Funding A Lundbeck Foundation grant supported Center for Clinical Intervention and Neuropsychiatric Schizophrenia Research, CINS (R25-A2701). The TAO study is investigator initiated and not sponsored by the pharmaceutical industry. This work was generously supported by grants from the University of Copenhagen to PLI (211-0649/11-3012), and from the University of Copenhagen/Mental Health Services, Capital Region of Denmark to BHE.

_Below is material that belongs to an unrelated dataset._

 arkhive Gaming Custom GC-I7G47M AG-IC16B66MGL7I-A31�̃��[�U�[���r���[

Competing interests FKK has received lecture fees from AstraZeneca, Boehringer Ingelheim Pharmaceuticals, Bristol-Myers Squibb, Eli Lilly and Company, Gilead Sciences, Merck Sharp & Dohme, Novo Nordisk, Ono Pharmaceuticals, Sanofi and Zealand Pharma, is part of the Advisory Boards of Eli Lilly Danmark, Bristol-Myers Squibb/AstraZeneca and Zealand Pharma, and has consulted for AstraZeneca, Gilead Sciences, Ono Pharmaceuticals and Zealand Pharma. BHE has received lecture fees from Bristol-Myers Squibb, Otsuka Pharma Scandinavia AB, and Eli Lilly and Company and is part of the Advisory Board of Eli Lilly Danmark A/S and Takeda Pharmaceutical Company Ltd.
Patient consent Obtained.
Ethics approval The trial is approved by the Danish Health and Medicines Authority, the National Committee on Health Research Ethics project number: 36378 and the Danish Data Protection Agency and registered on clinicaltrials.gov.
Provenance and peer review Not commissioned; externally peer reviewed.

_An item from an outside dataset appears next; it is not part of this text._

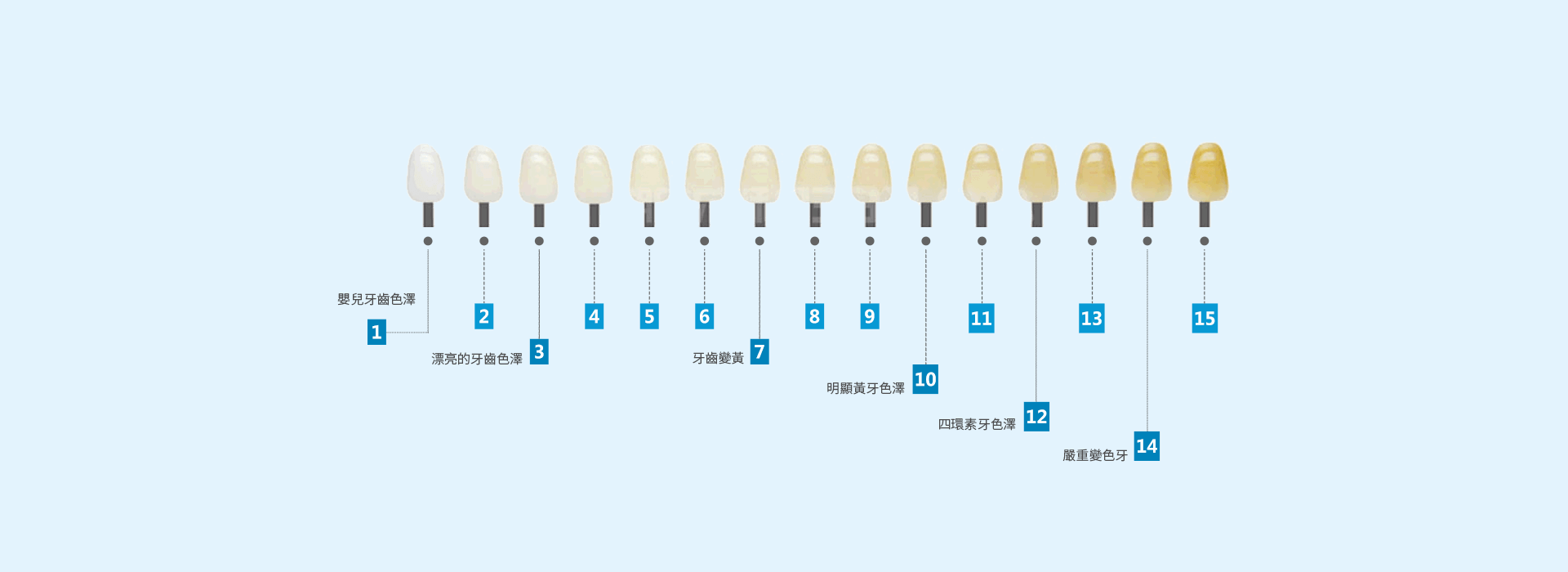 珠海牙齒美白價錢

Data sharing statement The TAO study will record datasets of up to 50 patients with schizophrenia recruited from clinical facilities in the Capital Region of Copenhagen. The dataset will include demographic data from interviews, self-reported behavioural data from questionnaires, imaging data (dual-energy X-ray absorptiometry and MRI) and laboratory (biochemical) data. The final dataset will be stripped of identifiers after analysis according to the law of The Danish Data Protection Agency. We applied the Danish Data Protection Agency concerning the data conceived in TAO study and the application was approved. All research data and associated documentation is available to other researchers and official institutions (Ethical Committee, The National Board of Health and the Good Clinical Practice Unit) affiliated to the TAO study during the intervention. However, only under a data-sharing agreement that provides for: (1) a commitment in using the data only for research purposes and not to identify any individual participant; (2) a commitment in securing the data using appropriate computer technology and (3) a commitment in destroying or returning the data after analyses are completed. New analysis of the data might necessitate new application for relevant authorities. All data will be stored for 10 years after completing the primary analysis and hereafter destroyed.